I remember quite vividly one autumn day when I was in the fourth grade. Out of the blue, my mother barked at me that she did not want me and my father did not want me, so she was stuck with me. There was not much I could say after that little declaration, so I just said nothing. To be honest, I very rarely ever replied to my mother’s outbursts. If I retorted it would only bring more abuse. If I said nothing, however, maybe she would tire of the abuse and stop.

While I was still in the 4th grade my mother derisively told my sister that I was warped. I have no doubt she expressed those sentiments to other family members because years later my brother’s wife at the time informed me that I had a “warped perspective” when we were merely having an innocent conversation about university education.

When I was 13 or 14 years old, my mother came home quite abruptly from one of her many nights out on the town. My sister squealed about something insignificant and my mother screamed at her that she was a “fucking bitch”. There was not much that either of us could say after our mother had called us such offensive names. It was very difficult for us to establish any kind of decent rapport when the only things that she could say to us were derisive in nature.

My mother also failed to protect me from harm. She worked as a hairdresser and owned her own beauty shop, and was a pretty successful business woman in Little Rock. I was being bullied at school by the daughters of one of her customers. Instead of my mother doing the decent thing and telling the bully’s mother that she would have to find another hairdresser as long as her daughter was behaving in a threatening way, she continued to cut the woman’s hair without a care in the world about how I felt.

My mother was not concerned in the least about the fact that I could not even use the toilet at school because that is where the local bullies hung out. Her only concern was herself and she was not prepared to put forth even the slightest bit of effort to protect her child.

For reasons I do not understand, my mother took a dislike to my friends. When I was in the 7th grade I had two friends in particular, and my mother took a dislike to them even though she had never even met them. My mother actually went to great lengths to tell me not to play with them and to find other friends. She was never able to give me an adequate explanation as to why she did not want me to be friends with Linda and Sherry, so I stayed friends with them without my mother’s consent or approval. It was probably at that time that I stopped speaking to my mother about my friends because she was so critical of me and everything I did.
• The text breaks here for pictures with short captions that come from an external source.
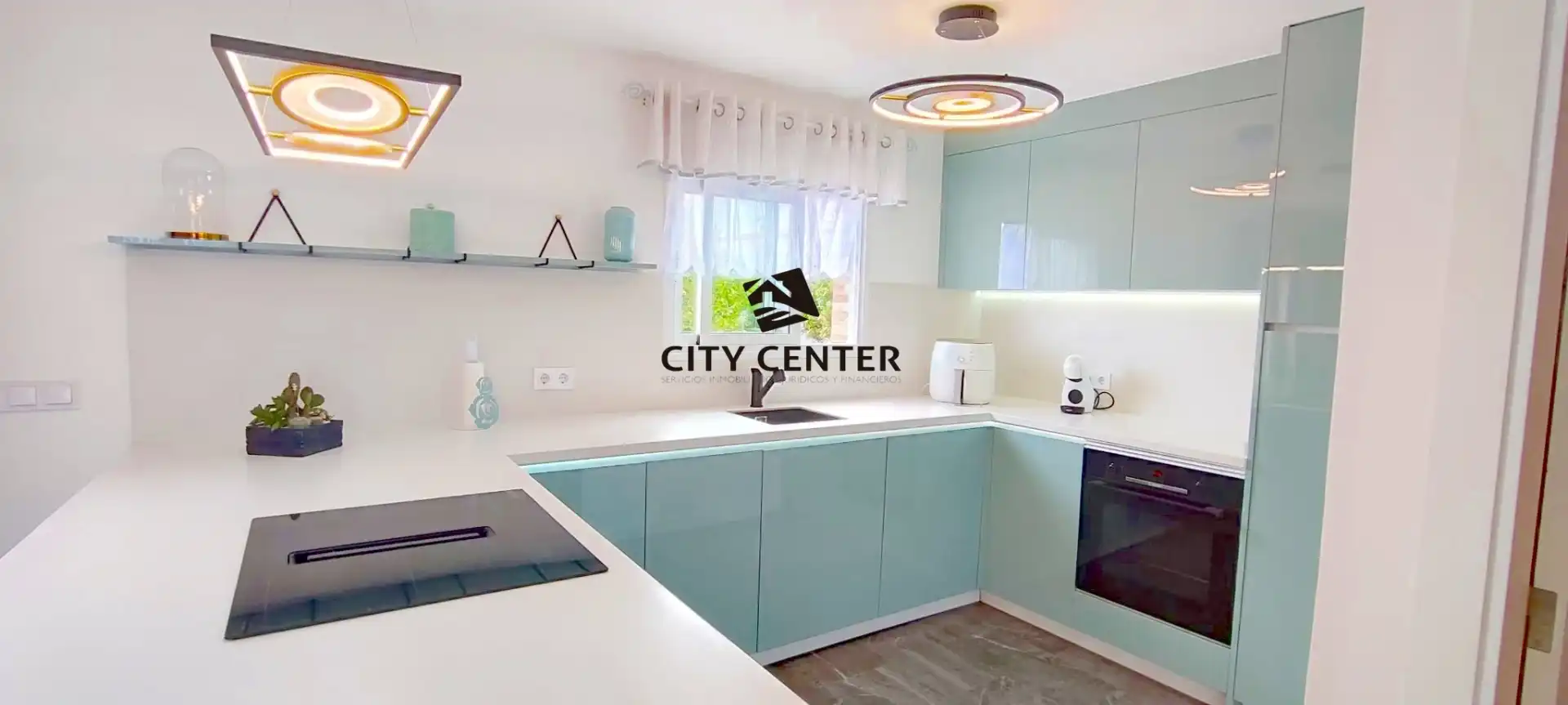 Kitchen of Houses for sale in Arico  with Private garden, Terrace and Furnished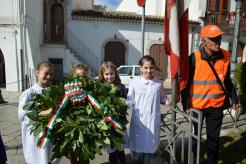 Venosa/ 4 Novembre. Le celebrazioni nel giorno della Festa delle Forze Armate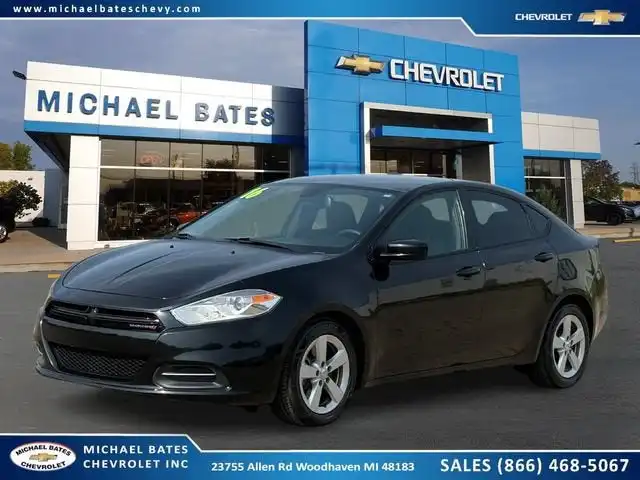2016 Dodge Dart 2.0 SXT Sport's photo
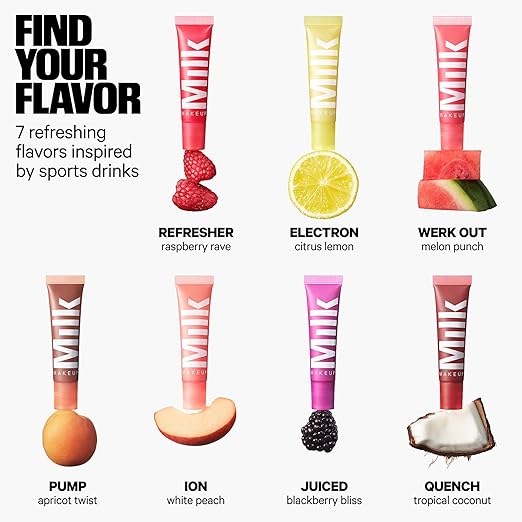 Werk Out - Dusty Rose, Melon Punch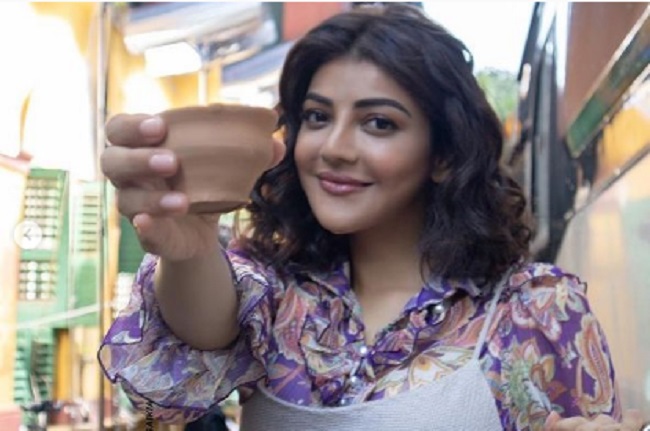 హే మ్యాడ‌మ్.. ఈ ఛాయ్ గ‌రీబుకి విందు ..!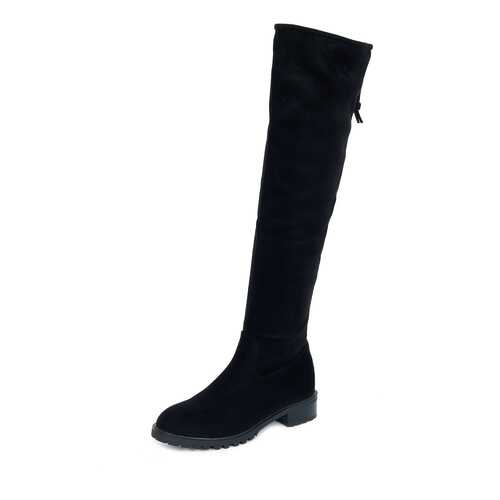 Ботфорты женские T.Taccardi 25407200 черные 40 RU в Belwest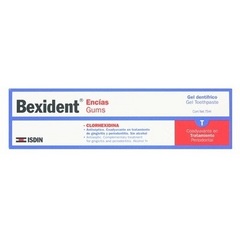 Bexident Encias Clorhexidina Gel Dentifrico 75ml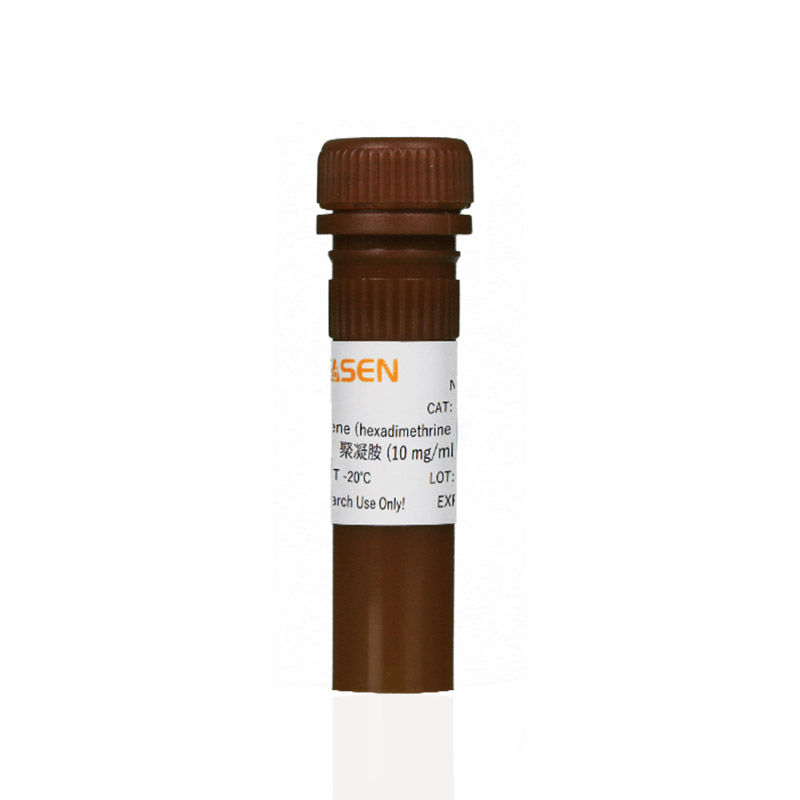 Hieff Trans®Polybrene(hexadimethrine bromide) 聚凝胺(10 mg/mL)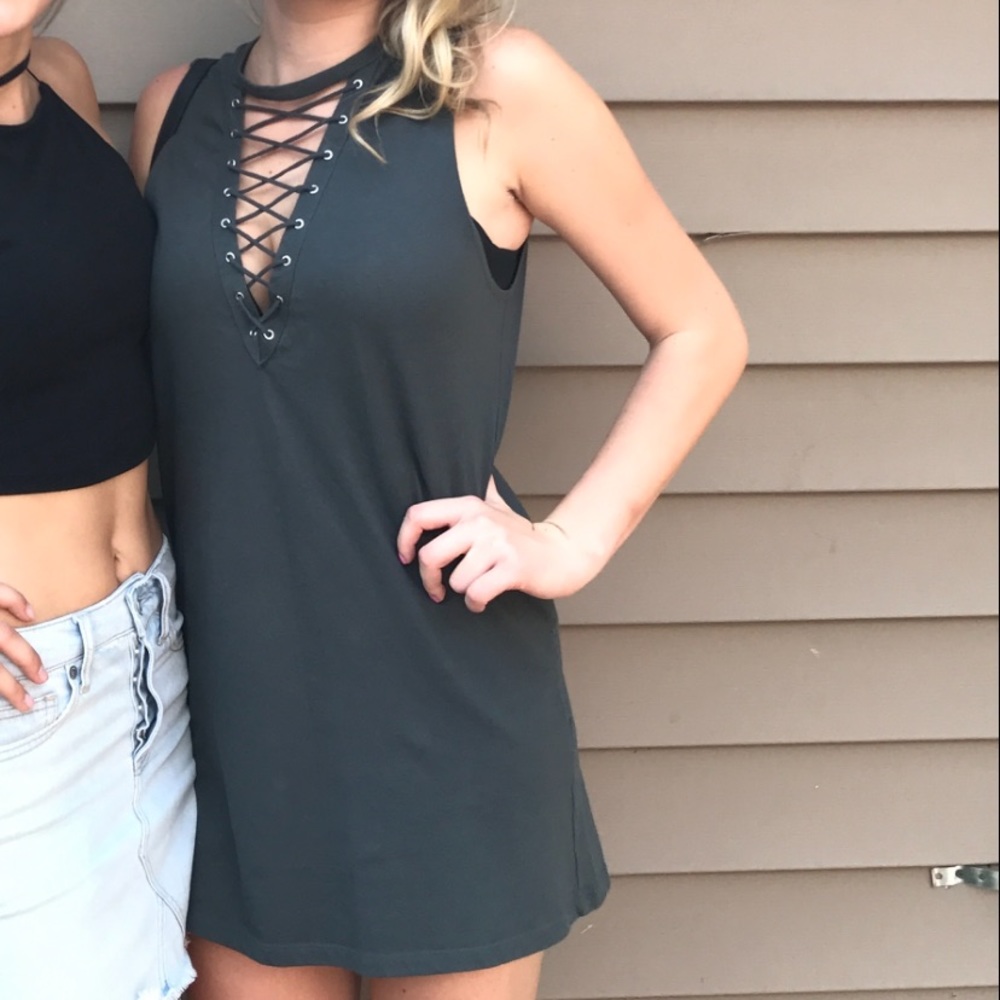 Mini Dress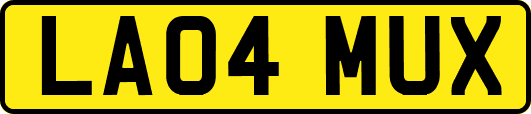 LA04MUX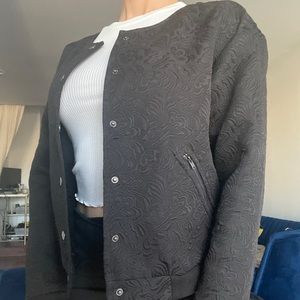 Button up jacket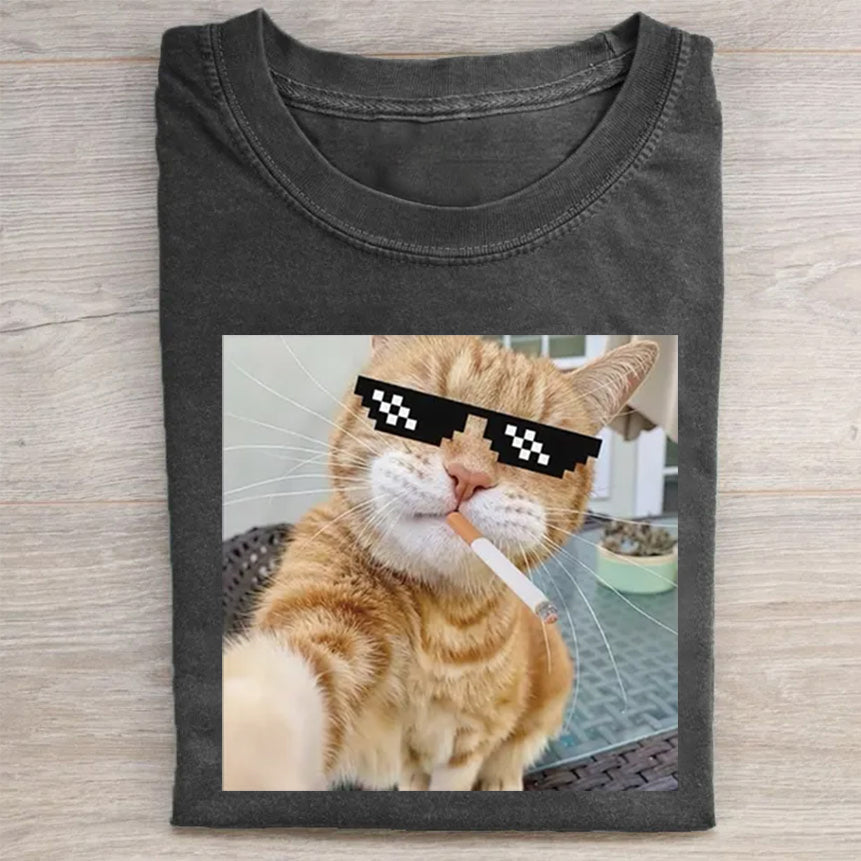 Cool Cat Cringey T-Shirt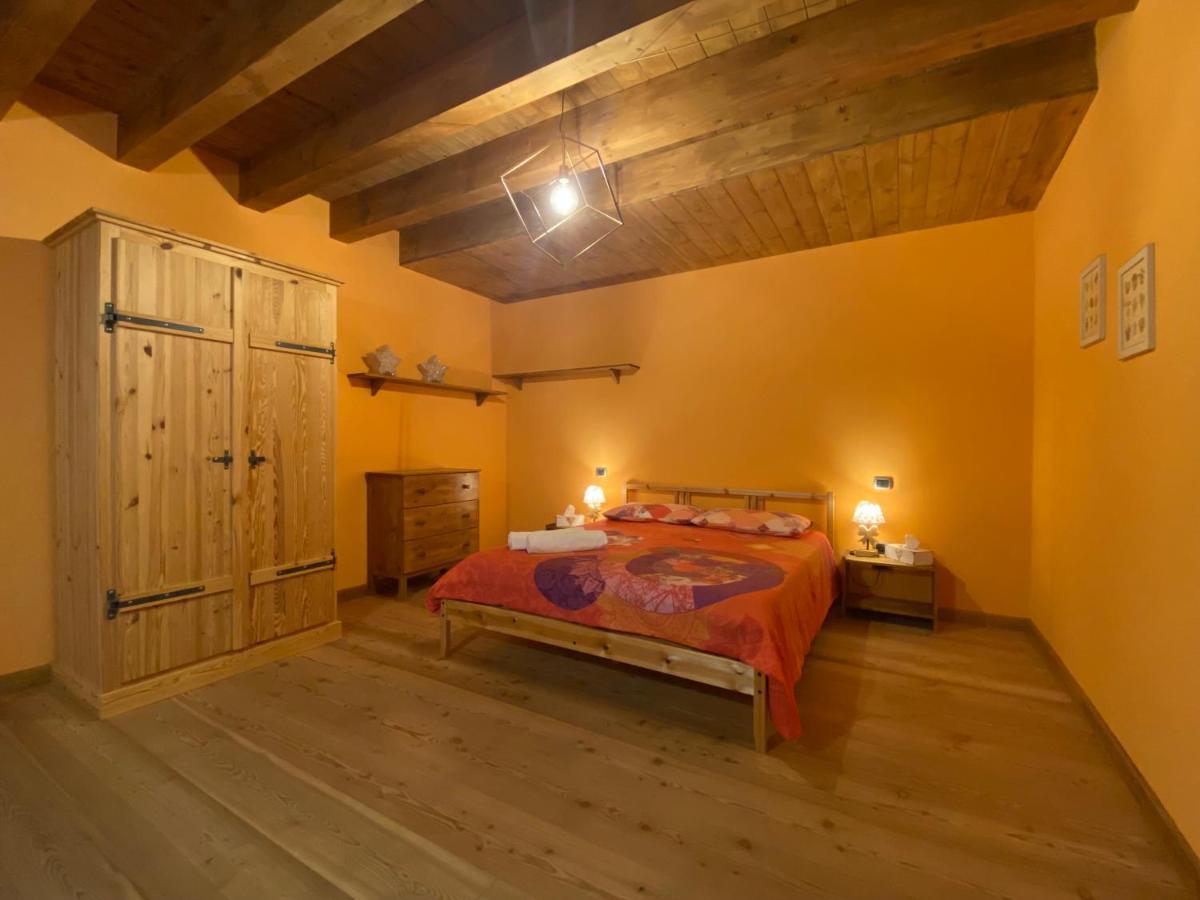 Apartamento Reggia Al Sole Pieve di Cadore Exterior foto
A couple of years later my friend Linda telephoned me and told me that her brother, who was gay, had told her that my mother was heavily involved in the lesbian and gay scene in Little Rock and was involved in a lesbian relationship with her “friend” Bobbie. Although I was shocked at the revelation, I was not surprised. For as long as I can remember, my mother has had really intense relationships with other women.

I can only assume that the mothers in Little Rock did not want their children playing with me because they somehow felt my mother’s sexual orientation would rub off. It is possible that the mothers in question telephoned my mother and said some unkind things to her, which resulted in her trying to dictate to me who I would and would not be friends with.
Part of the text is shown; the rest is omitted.